Early spring is a good time to cut sage. Sage, with the Latin name Salvia, is an undemanding and sun-loving plant from the labiates family. Salvia species are distributed worldwide and include more than 800 different varieties. True sage with its aromatic fragrance and essential oils is used as a culinary herb and as a medicinal plant .
If sage is planted in the right place in the garden, it can spread over several square meters. However, if the leaves are cut off before winter, the plant may have difficulty surviving the cold season. Early spring is the right time to cut back the shoots so that the sage can spread in better weather. However, when cutting sage, some mistakes are often made. What they are and how to correct them is the subject of this article.
Table of Contents
- Common mistake: evenly cutting sage in all species.
- Common mistake: not pruning sage at all
- Common mistake: prune sage too low
Common mistake: Prune sage evenly for all species
There is a wide variety of sage species: annuals, biennials, herbaceous or evergreen perennials and shrubs. However, they all have in common paired, often fragrant leaves and double-flowered flowers arranged in panicles or clusters.
Annuals don’t require pruning – just dig them up and toss them in the compost garbage can in late fall.
Perennial plants, however, need to be pruned annually to keep them under control and promote healthy growth for many years to come. And when it comes to how to prune sage, it’s important to consider the variety you’re growing, because the procedure is a little different.
Pruning Sage Properly: Deciduous herbaceous salvias.
This variety of sage tends to die back in the winter, especially when it’s cold. Varieties include Salvia elegans ‘Scarlet Pineapple’ with pineapple-scented leaves and red flowers, and Salvia guaranitica ‘Black and Blue’.
How to prune properly: Get one of the best garden shears and make sure it is clean and sharp. Cut the old stems to the lowest arrowhead. If the stems have completely dried up over the winter, cut them back to the base where new shoots should form. In summer, the flowers need to be broken off. Cut them off by making the cut just above the leaves. This will improve the appearance of the plants and encourage new blooms.
Pruning Sage: Shrub salvias with woody stems
When is the right time to prune hardy salvias? To keep them compact, pruning should be done every spring. Otherwise, this variety can grow very large and its stems can become too woody and spindly over time. Varieties include the popular Salvia microphylla “Hot Lips” and the bright red Salvia greggii “Flame”.
How to prune properly: cut back about a third of the plant, just above a pair of leaves. This will maintain structure and provide a solid foundation for new growth. Prune the stems in the summer to improve the appearance. You can also cut back the cross stems and thin out the center of the plant to allow more light in to stimulate new growth.
How to prune sage properly: rosette salvias.
This type of salvia has tall flower spikes that grow from rosettes of often evergreen leaves in warmer climates. Varieties include “Caradona” and “May Night.”
Here’s how to prune properly: leave the second part of the shoots over the winter to prevent new shoots from freezing. Then cut back the old shoots in the spring, leaving the new green growth intact. In warmer climates, you can cut the plant back in the fall for a neater look.

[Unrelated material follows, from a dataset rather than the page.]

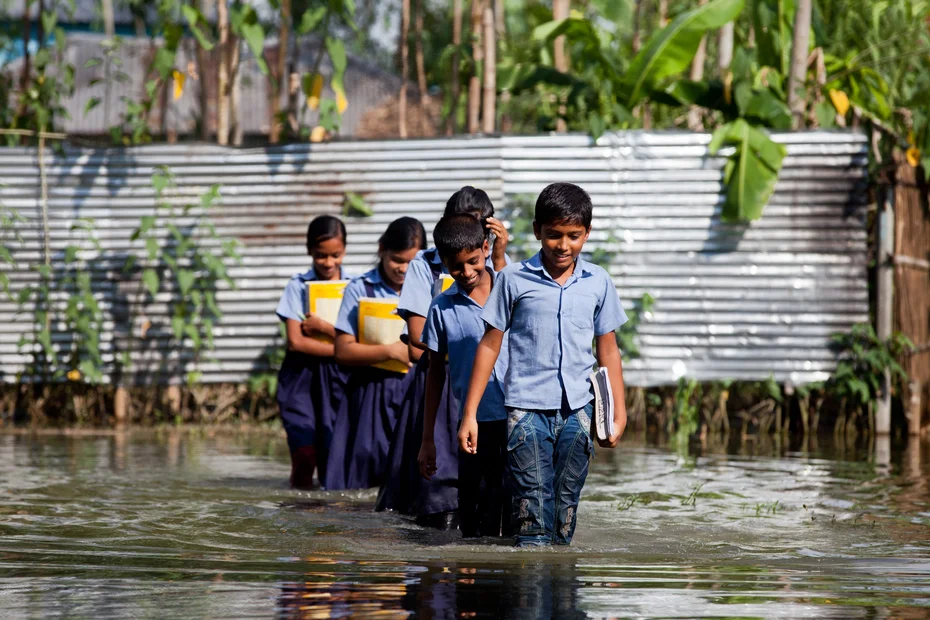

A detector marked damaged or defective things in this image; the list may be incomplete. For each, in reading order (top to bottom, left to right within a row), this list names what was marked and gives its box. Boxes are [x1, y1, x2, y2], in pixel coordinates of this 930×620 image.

Common mistake: don’t prune sage at all
Many types of sage grow as shrubs or half-shrubs. What they have in common is that the shoots become woody on the underside over time. Pruning of sage should be done annually. Some gardeners choose to do the main pruning of salvias in late fall – this is a good thing if you grow hardy varieties and live in a warmer region.
However, if in doubt, put it on your spring gardening list when the danger of frost has passed and you can see fresh greenery. If you don’t prune sage regularly, the plant will become spindly and wither. It will sprout few of its fragrant leaves, and the flowers will also suffer from lack of pruning. The plant ages rapidly and is no longer useful. So if you don’t prune the sage at all, you will harm the plant in the long run.
In the summer, you can pluck off the heads and lightly prune the plant to bring it into shape.
Common mistake: pruning sage too low.
If you set your shears too low, you can destroy the entire plant. Cuts too deep into the wood will not recover and the sage will likely not sprout properly.
How long do salvia plants last?
Learning how to prune salvias will extend their life, which can be more than 10 years under the right growing conditions. However, the hardiness of different varieties varies.